Kernel-managed mq_open / mq_send with priority support

Rejected

Pros

OS-native with no external dependencies
Built-in message priority queue semantics

Cons

Linux-only — breaks macOS dev and container portability
Fixed maximum message size; fragmentation is manual

Latency Comparison

Approximate round-trip latency by transport (log-normalised bars)

Shared Memory

~100 ns

Unix Domain Sockets

~130 µs

gRPC (local, chosen)

5–20 ms

gRPC (network)

20–50 ms

Bars are log-normalised; raw latency spans seven orders of magnitude. The orchestrator's control-plane calls are infrequent enough (task dispatch, status polls) that the 5–20 ms gRPC overhead is acceptable in exchange for schema safety and distributed traceability. Unix sockets are retained for the hot path where sub-millisecond matters.

The Decision

The IPC architecture is split into three complementary layers, each matched to the latency and durability requirements of the messages it carries.

gRPC

Control Plane — gRPC (proto3)

All orchestrator↔agent control messages travel over gRPC: task assignment, heartbeat, cancellation, and result acknowledgement.
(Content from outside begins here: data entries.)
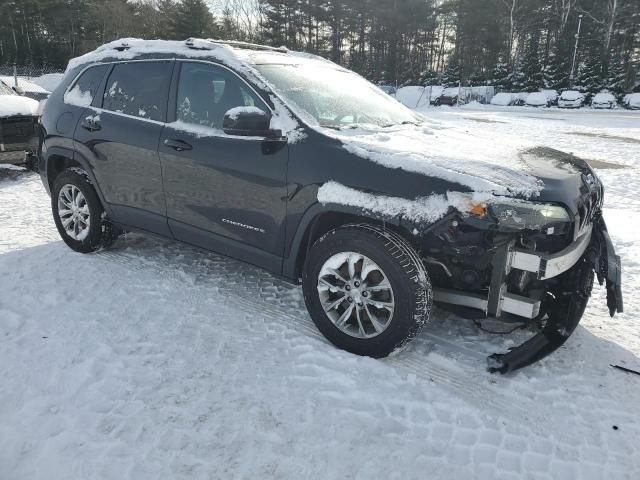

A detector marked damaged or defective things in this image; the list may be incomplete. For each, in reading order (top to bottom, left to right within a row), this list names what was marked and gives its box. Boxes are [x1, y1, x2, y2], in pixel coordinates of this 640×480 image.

broken bumper piece [430, 214, 620, 376]
damaged front bumper [428, 215, 624, 376] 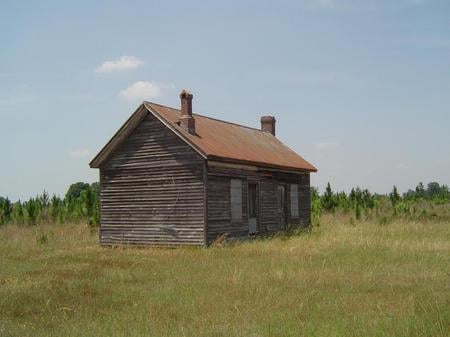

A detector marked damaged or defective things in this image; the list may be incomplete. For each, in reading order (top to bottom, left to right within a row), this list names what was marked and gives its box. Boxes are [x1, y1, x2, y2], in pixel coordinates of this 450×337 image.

rusty metal roof [144, 101, 316, 172] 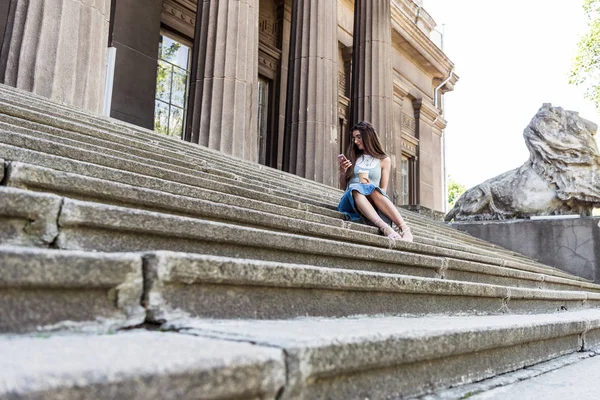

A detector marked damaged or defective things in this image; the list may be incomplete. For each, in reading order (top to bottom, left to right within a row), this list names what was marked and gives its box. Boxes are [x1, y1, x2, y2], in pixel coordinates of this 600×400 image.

cracked concrete step [0, 95, 342, 205]
cracked concrete step [0, 245, 144, 332]
cracked concrete step [3, 162, 544, 272]
cracked concrete step [0, 162, 580, 288]
cracked concrete step [0, 186, 592, 292]
cracked concrete step [142, 250, 600, 322]
cracked concrete step [0, 330, 286, 398]
cracked concrete step [164, 310, 600, 398] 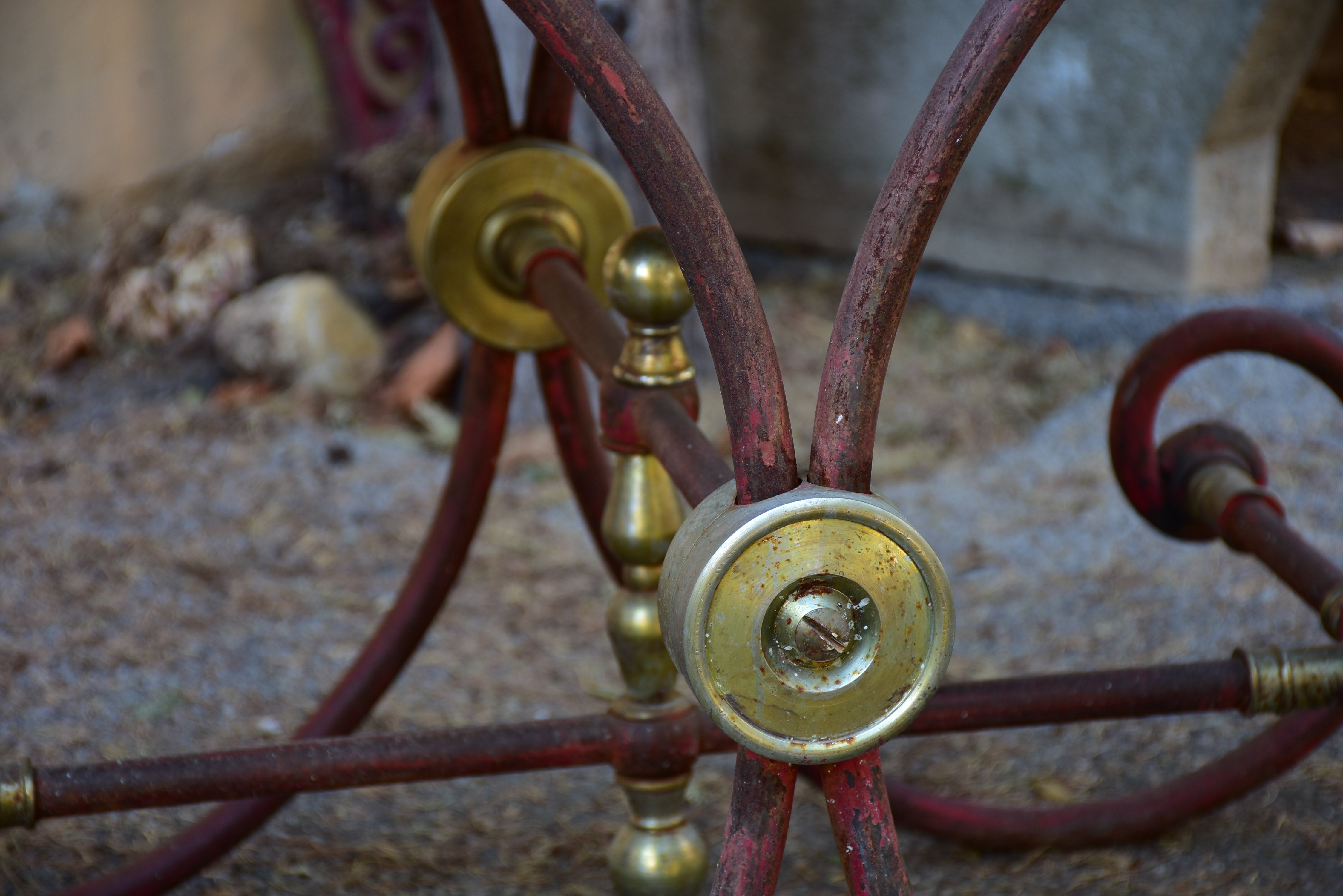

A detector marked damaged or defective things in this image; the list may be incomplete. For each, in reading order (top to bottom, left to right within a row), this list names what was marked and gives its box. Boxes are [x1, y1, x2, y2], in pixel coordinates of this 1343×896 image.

Protobuf contracts are compiled into Go stubs at build time, so an incompatible change fails the build rather than surfacing as a runtime panic at 3 am. HTTP/2 multiplexing means a single connection carries concurrent streams without head-of-line blocking.

Bidirectional streaming is used for long-running agent sessions; the orchestrator pushes directive updates while the agent streams back progress deltas. gRPC interceptors attach trace_id propagation to every call, giving end-to-end distributed traces across agent boundaries at zero agent-side effort.

Redis

Event Plane — Redis Streams

Asynchronous domain events (agent lifecycle, tool invocations, LLM token usage, audit entries) are written to Redis Streams. Consumer groups give each downstream subscriber its own cursor, so the metrics service, audit logger, and reactive UI feed all consume independently without blocking each other or the agent.

Pending-entry lists and XACK ensure at-least-once delivery even when a consumer crashes mid-processing. Retention is capped via MAXLEN ~ to bound memory while preserving a rolling audit window. Redis is already in the stack for distributed locking (Decision #1), so this is not a new dependency.

UDS

Hot Path — Unix Domain Sockets

A small set of latency-critical paths — notably the local tool-execution bridge and in-process agent sidecar — bypass gRPC and communicate over Unix domain sockets with a minimal length-prefixed framing protocol. This keeps tool-call overhead below 200 µs while the rest of the system benefits from gRPC's observability.

The UDS layer is internal-only; no external agent ever connects to it. The interface is typed via a shared Go struct rather than a proto file, keeping the hot-path evolution separate from the versioned control-plane contract.

Why not collapse all three into one? A single transport would require trading off durability, latency, and schema safety simultaneously. gRPC without Redis means losing the audit log and at-least-once delivery. Redis without gRPC means untyped command dispatch. Unix sockets everywhere means no distributed tracing. The three-layer split is the lowest-complexity design that satisfies all constraints without compromise.

Trade-offs Accepted

Proto compilation build step. Every agent must include protobuf tooling in its build pipeline and regenerate stubs on schema changes. This is manageable with a shared buf.gen.yaml and CI enforcement, but it adds friction for contributors who only want to change business logic.

Redis as an additional runtime dependency. Redis must be available before any agent can receive work. Failure modes (OOM eviction, replication lag) need explicit handling in the orchestrator's health-check loop. Mitigated by the fact that Redis is already required for distributed locking.

Dual IPC pattern complexity. Developers must understand when to use gRPC versus Redis Streams versus Unix sockets. Without clear documentation, new contributors default to the wrong layer. Addressed by codifying the decision boundary in the architecture runbook.

Consumer group management overhead. Adding a new event consumer requires creating its consumer group, handling NOGROUP errors on first start, and configuring retention policy. A helper package wraps this once; all agents import it rather than calling Redis directly.